10 years ago, I left my position as the principal architect at a major U.S. financial institution. We developed the standards for how SSL was used inside the bank and their systems. Because of the weakness of ADC hardware at the time, we standardized on the “fastest and lightest” ciphers that would allow us to be compliant for online banking. In today’s age, many would argue that is absolutely foolish. But is it?
We know that SSL has changed a lot in the last 10 years. Old ciphers are now considered insecure, obsolete, and out of PCI compliance. In looking at what many companies have shared about how they deal with SSL, we know there’s a blend of “just enough” cryptography to pass, and “Next-Gen” crypto, as some are calling it. According to Gartner, 50% of traffic in enterprises today is encrypted.
There’s a reason for this: If done incorrectly or in attempts to use existing investments, you may be forced to use weak ciphers. An example of this is when we built our own SSL-based Reverse Proxy (similar to what an SSL VPN does today), we used an off-the-shelf ADC to do the encryption. This worked great in single user testing. If we used 3DES or AES256 ciphers, we could get exactly four users logged into the system before it overwhelmed the load balancer. When we weakened the ciphers to RC4-MD5 (128 bit), we could get hundreds of concurrent users through the system. Times have changed, and ADC technology has vastly improved its capabilities for SSL. Not all vendors are equal though when it comes to SSL capabilities, and this is where it gets tricky.
Say, for example, you’ve been using an Intrusion Detection or Intrusion Prevention system, and now you want to inspect encrypted traffic. How long has the IPS/IDS vendor been in the SSL space? For every hardware-based crypto card, there’s a cost associated with that hardware. For every device that HAS (and not all of them do) hardware cards, how many of them are capable of doing Next-Gen Crypto? One thing is for sure is that Elliptic Curves take a LOT more processing power, and the older legacy systems using CPU only may introduce a lot of latency.
ECDH is a variant of the Diffie-Hellman protocol using elliptic curve cryptography. Elliptic curve Diffie-Hellman (ECDH) is an anonymous key agreement protocol that allows two parties, each having an elliptic curve public-private key pair, to establish a shared secret over an insecure channel. This shared secret may be used as a key, or better yet, to derive another key which is then used to encrypt subsequent communications with a symmetric key cipher.
Alternative protocols include the Fully Hashed MQV (FHMQV), an authenticated protocol for key agreement based on the Diffie-Hellman scheme. SSL supports forward secrecy using two algorithms, the standard Diffie-Hellman (DHE) and the adapted version for use with Elliptic Curve cryptography. Diffie-Hellman will NOT work in Out of Path solutions for mitigation. This poses a real problem for some deployment options.
Because of the Snowden revelations, companies are pushing forward with Next-Gen Crypto. We know that companies are still buying older, obsolete technologies that do not support ECDH. With the amount of cyber-attacks leaning toward SSL, some interesting times are ahead. More failures are going to be because of crypto hardware being insufficient, and compromises in data security will be made to attempt to utilize these obsolete technologies being sold today. Some companies openly admit that they do not support Diffie-Hellman and encourage you to turn off the cipher specs to accommodate their obsolete technology. We think this is a step in the wrong direction.

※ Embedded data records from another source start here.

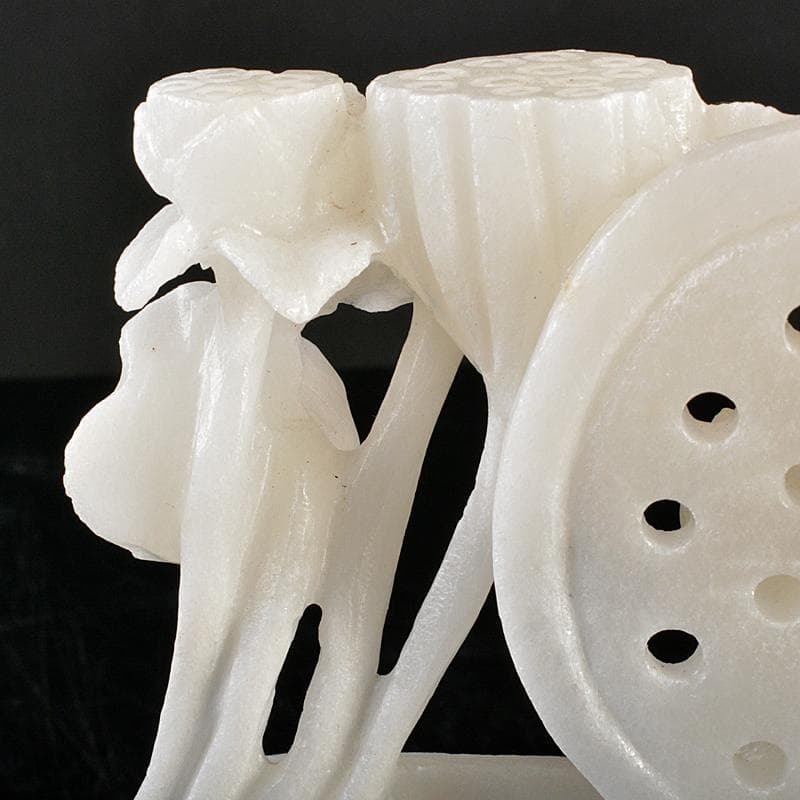 中国　玉石白玉彫刻　蓮に鶴　置物　V　R5692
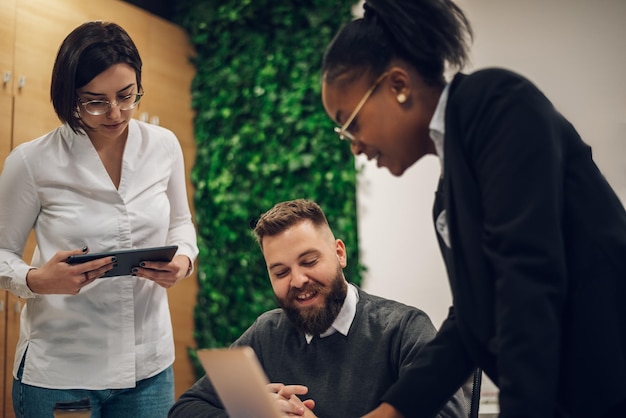 Foto equipo multicultural trabajando juntos en la oficina y teniendo una reunión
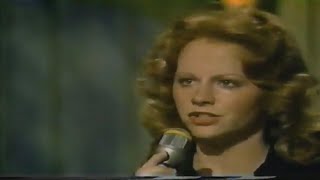 Reba McEntire - Why Can't He Be You (1978)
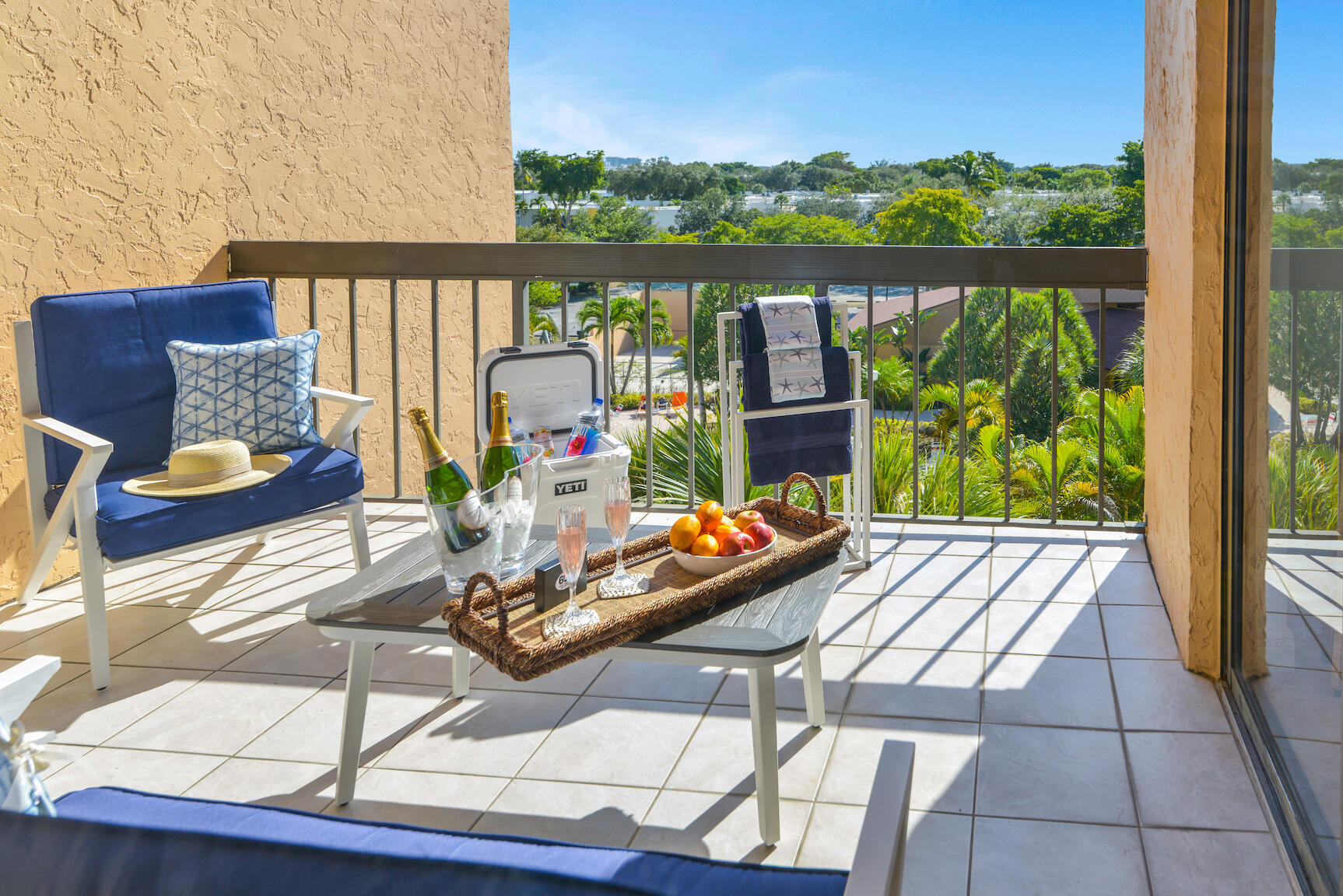 LAVERS DELRAY RACQUET CLUB CONDO - Residential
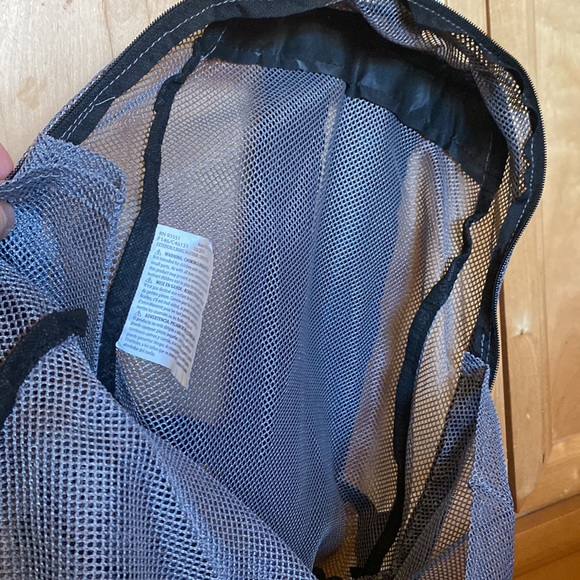 5/$25 NWOT grey mesh backpack. Trailmaker Equipment. - Picture 4 of 12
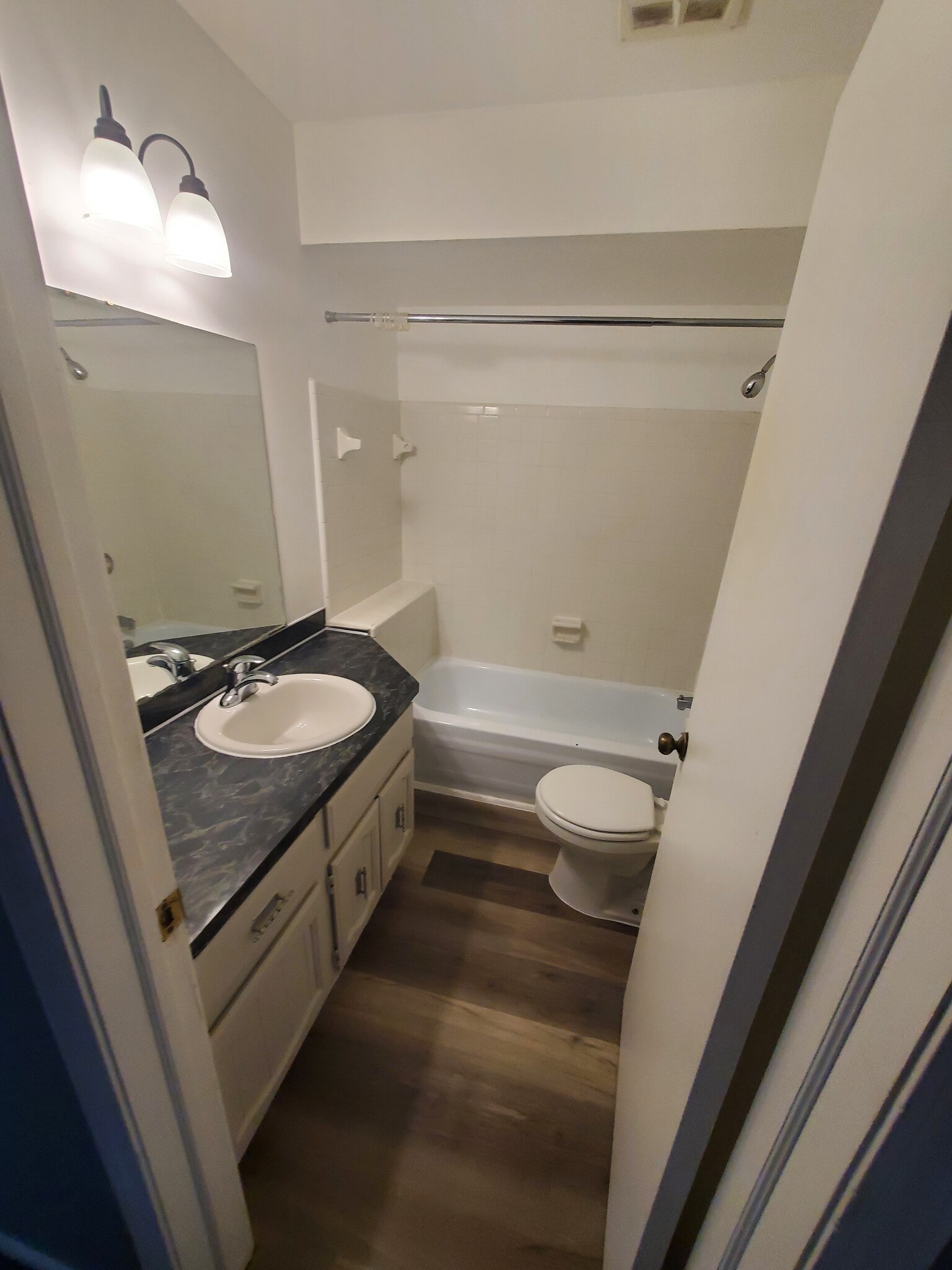 Full bath - 5906 Christie Ave SE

We encourage companies to help future-proof their environments by utilizing central points of SSL for security tools. One example is to utilize technologies that will work with today’s Next-Gen Crypto and use Asymmetric Key Exchange. NIST has standardized elliptic curve cryptography for digital signature algorithms in FIPS 186 and for key establishment schemes in NIST Special Publication 800-56A. With the GDPR compliance deadline in May 2018, we predict this issue will become a much larger issue for companies.